- [EXCERPTED RECORDS]
-.-.-
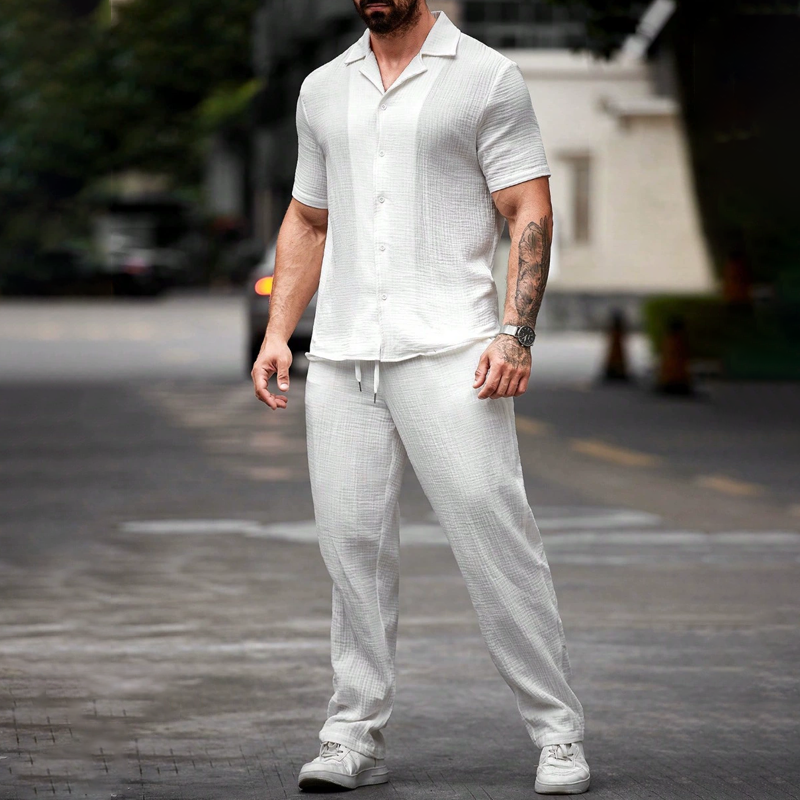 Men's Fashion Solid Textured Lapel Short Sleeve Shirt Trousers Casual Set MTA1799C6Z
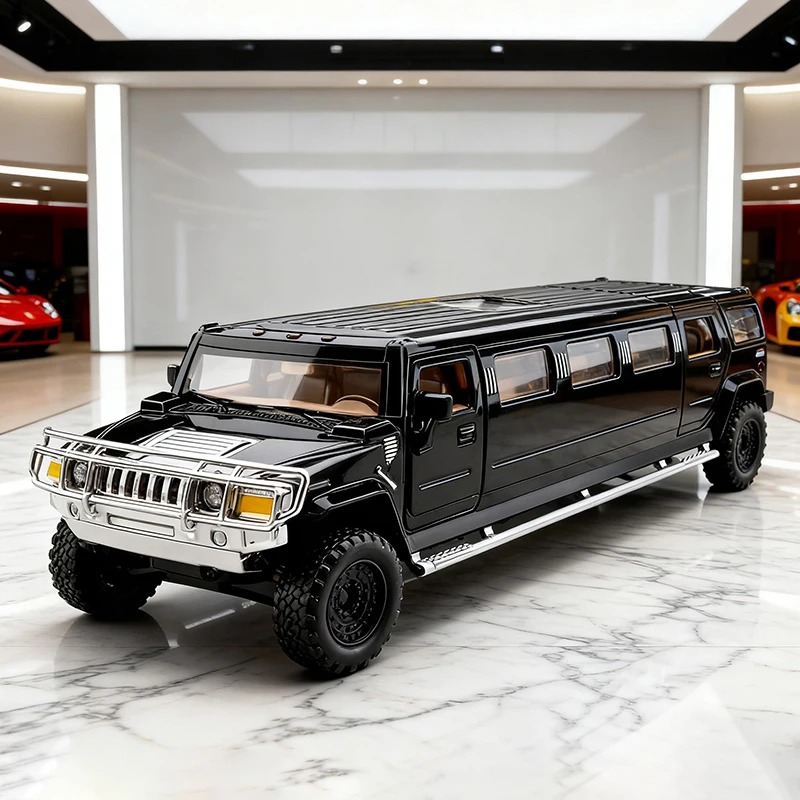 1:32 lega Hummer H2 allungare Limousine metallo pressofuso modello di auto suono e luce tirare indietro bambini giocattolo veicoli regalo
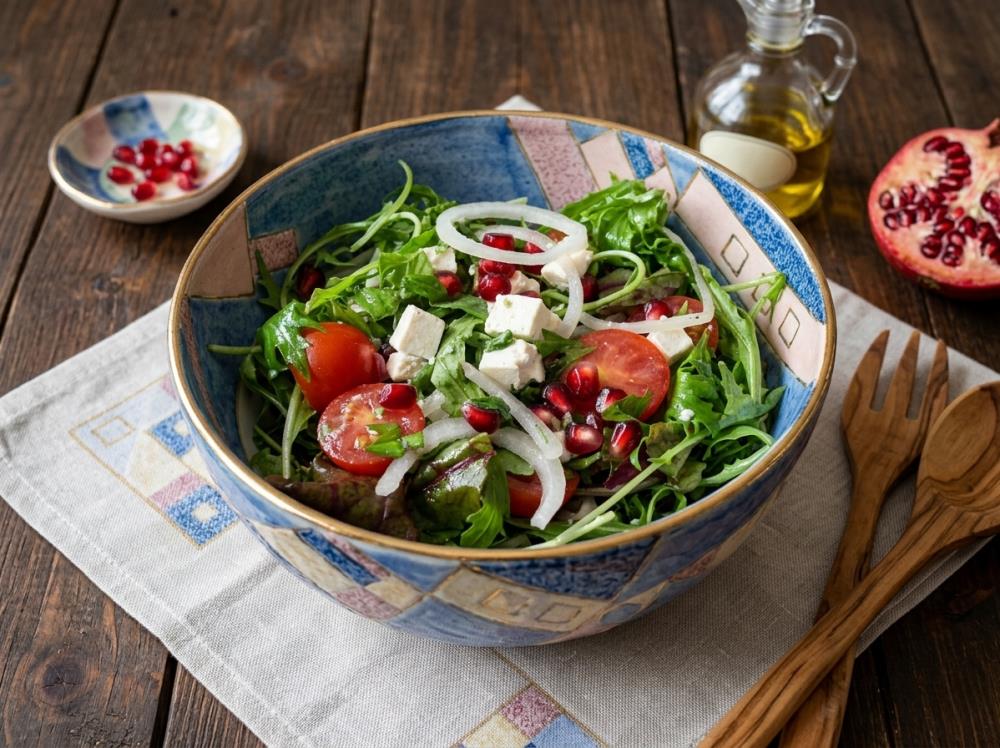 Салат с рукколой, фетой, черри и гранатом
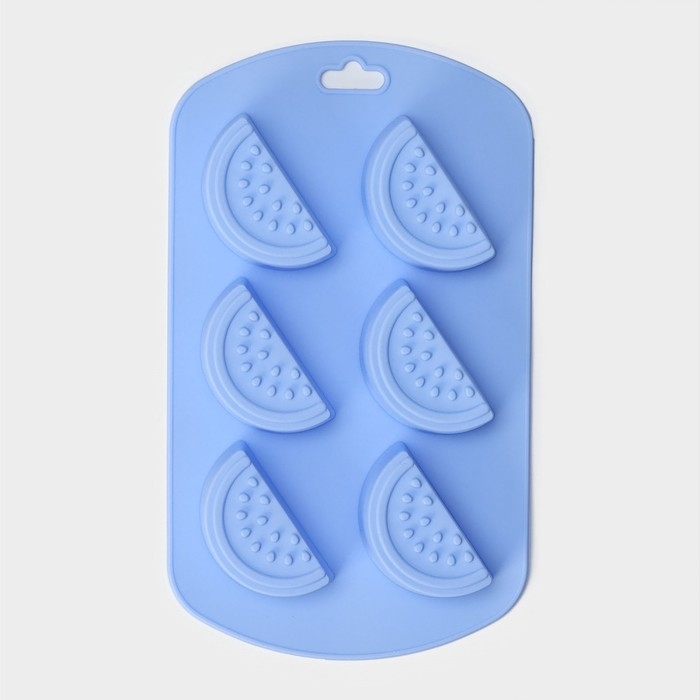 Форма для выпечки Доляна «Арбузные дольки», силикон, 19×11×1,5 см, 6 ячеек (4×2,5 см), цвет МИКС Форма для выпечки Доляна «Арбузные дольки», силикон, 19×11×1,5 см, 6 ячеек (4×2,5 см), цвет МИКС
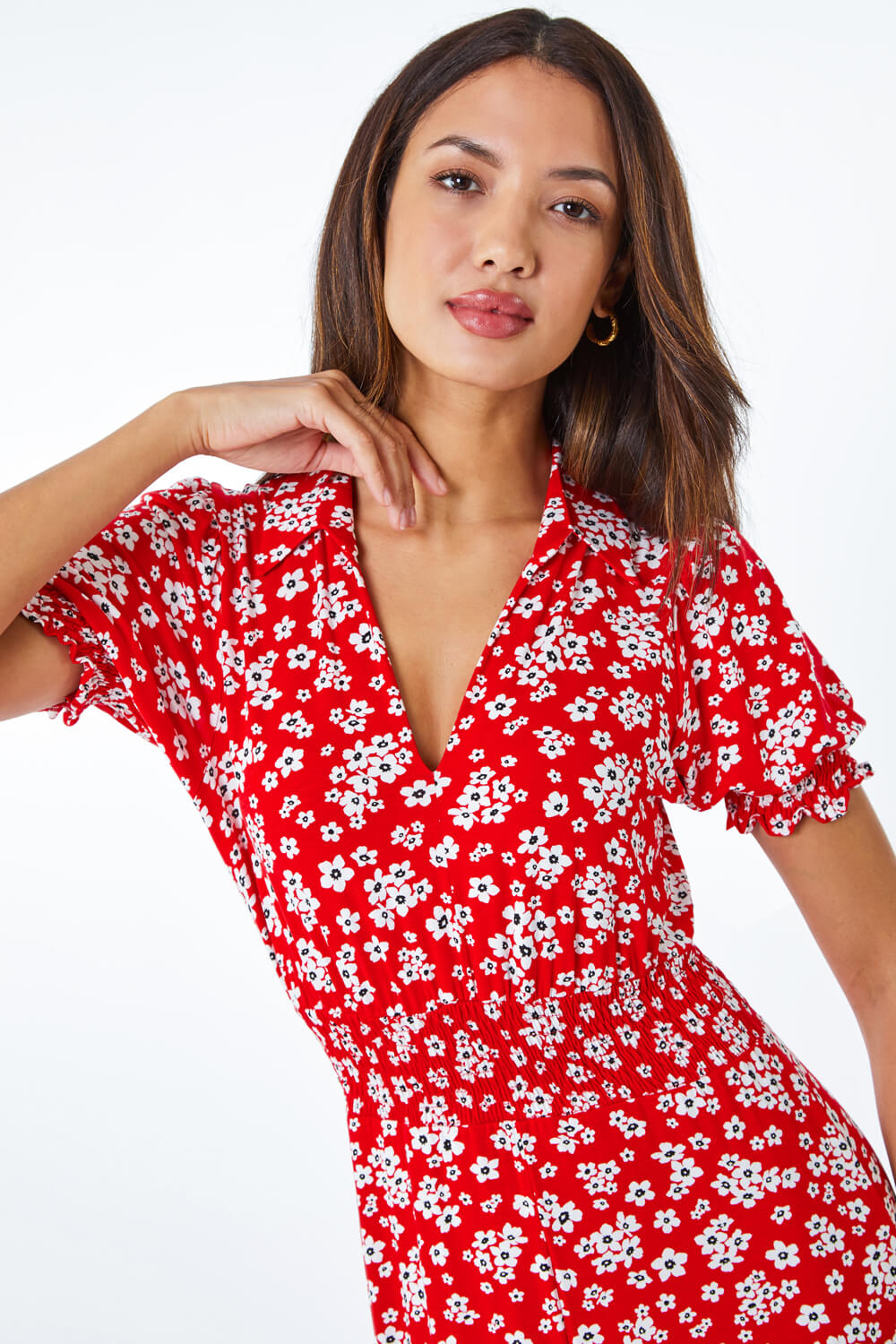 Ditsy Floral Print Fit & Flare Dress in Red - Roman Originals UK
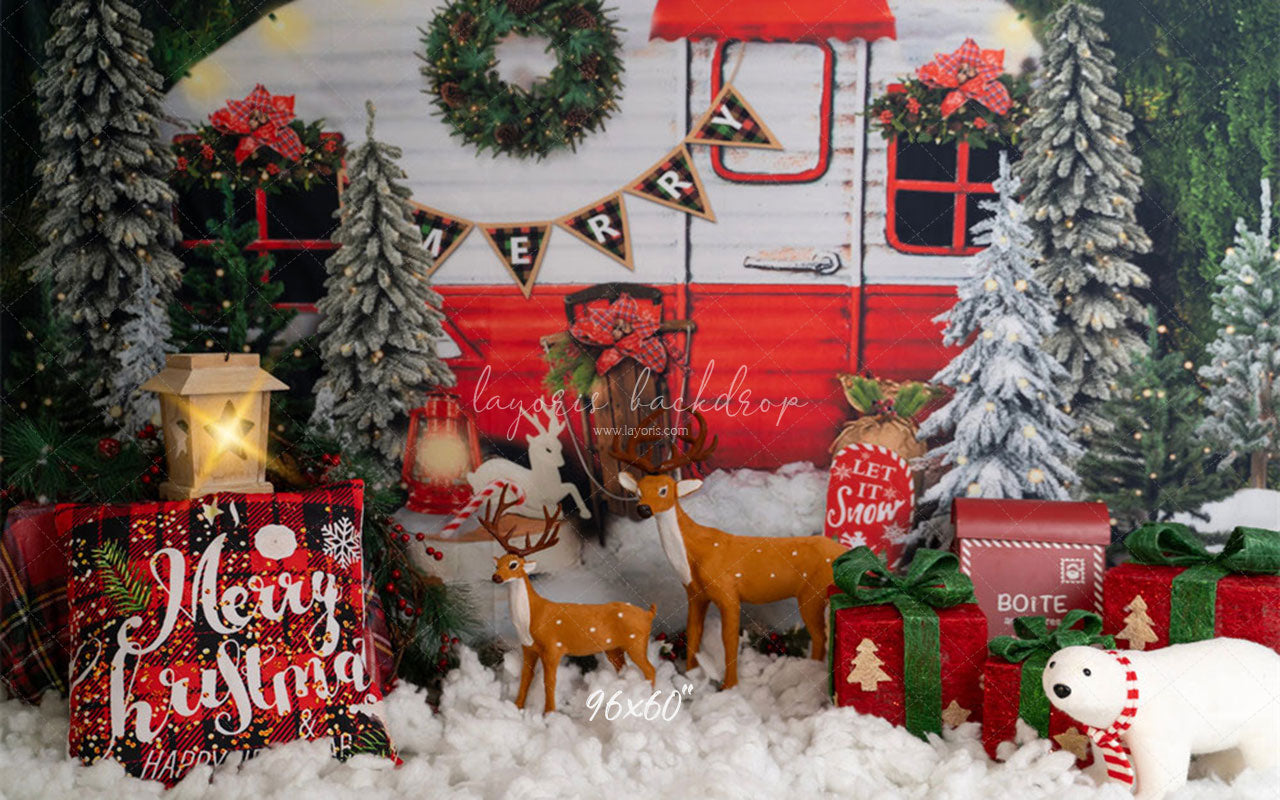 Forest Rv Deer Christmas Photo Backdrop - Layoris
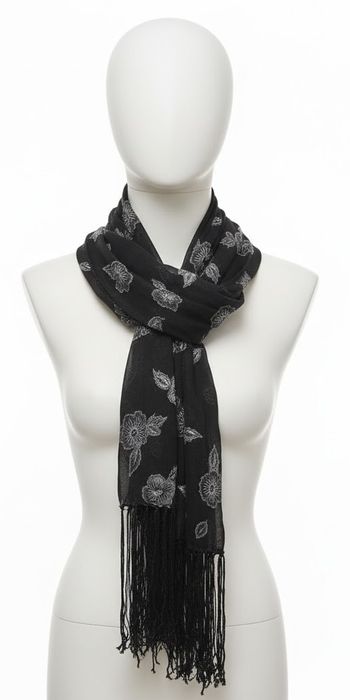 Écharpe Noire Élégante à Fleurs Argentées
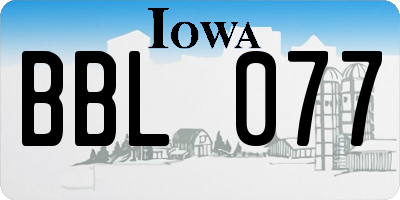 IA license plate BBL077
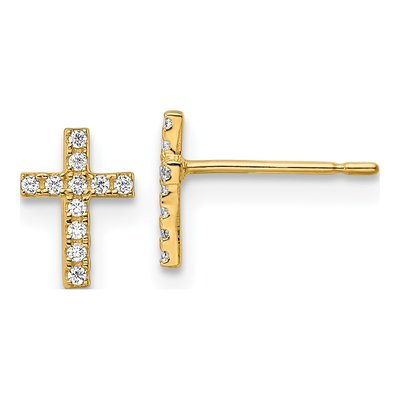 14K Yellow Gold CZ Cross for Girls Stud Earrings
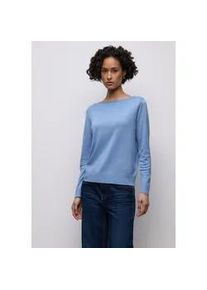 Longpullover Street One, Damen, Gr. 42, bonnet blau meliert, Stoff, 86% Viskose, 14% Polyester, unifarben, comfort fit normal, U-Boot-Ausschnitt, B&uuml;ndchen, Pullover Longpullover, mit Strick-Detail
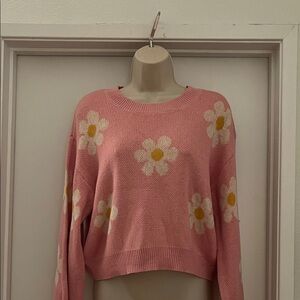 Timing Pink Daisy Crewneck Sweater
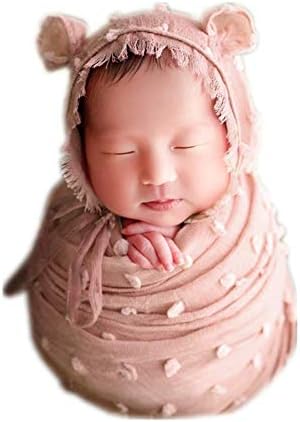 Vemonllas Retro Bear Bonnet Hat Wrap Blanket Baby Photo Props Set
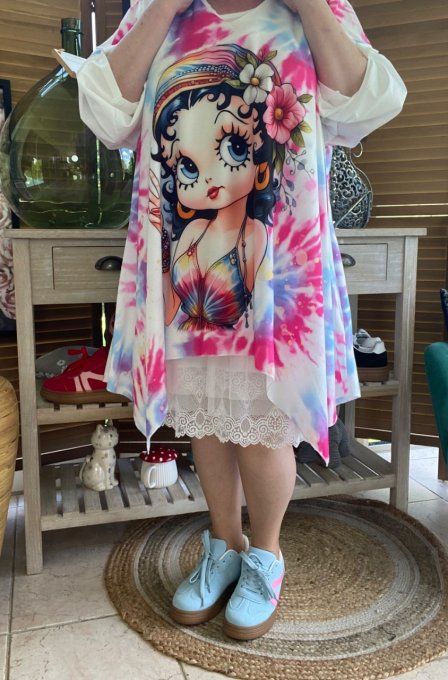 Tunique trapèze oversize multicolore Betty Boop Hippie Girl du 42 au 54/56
-.-.-
Return the entries exactly as given. Do not include pictures.

- [SOLUTION]
 Men's Fashion Solid Textured Lapel Short Sleeve Shirt Trousers Casual Set MTA1799C6Z
 1:32 lega Hummer H2 allungare Limousine metallo pressofuso modello di auto suono e luce tirare indietro bambini giocattolo veicoli regalo
 Салат с рукколой, фетой, черри и гранатом
 Форма для выпечки Доляна «Арбузные дольки», силикон, 19×11×1,5 см, 6 ячеек (4×2,5 см), цвет МИКС Форма для выпечки Доляна «Арбузные дольки», силикон, 19×11×1,5 см, 6 ячеек (4×2,5 см), цвет МИКС
 Ditsy Floral Print Fit & Flare Dress in Red - Roman Originals UK
 Forest Rv Deer Christmas Photo Backdrop - Layoris
 Écharpe Noire Élégante à Fleurs Argentées
 IA license plate BBL077
 14K Yellow Gold CZ Cross for Girls Stud Earrings
 Longpullover Street One, Damen, Gr. 42, bonnet blau meliert, Stoff, 86% Viskose, 14% Polyester, unifarben, comfort fit normal, U-Boot-Ausschnitt, B&uuml;ndchen, Pullover Longpullover, mit Strick-Detail
 Timing Pink Daisy Crewneck Sweater
 Vemonllas Retro Bear Bonnet Hat Wrap Blanket Baby Photo Props Set
 Tunique trapèze oversize multicolore Betty Boop Hippie Girl du 42 au 54/56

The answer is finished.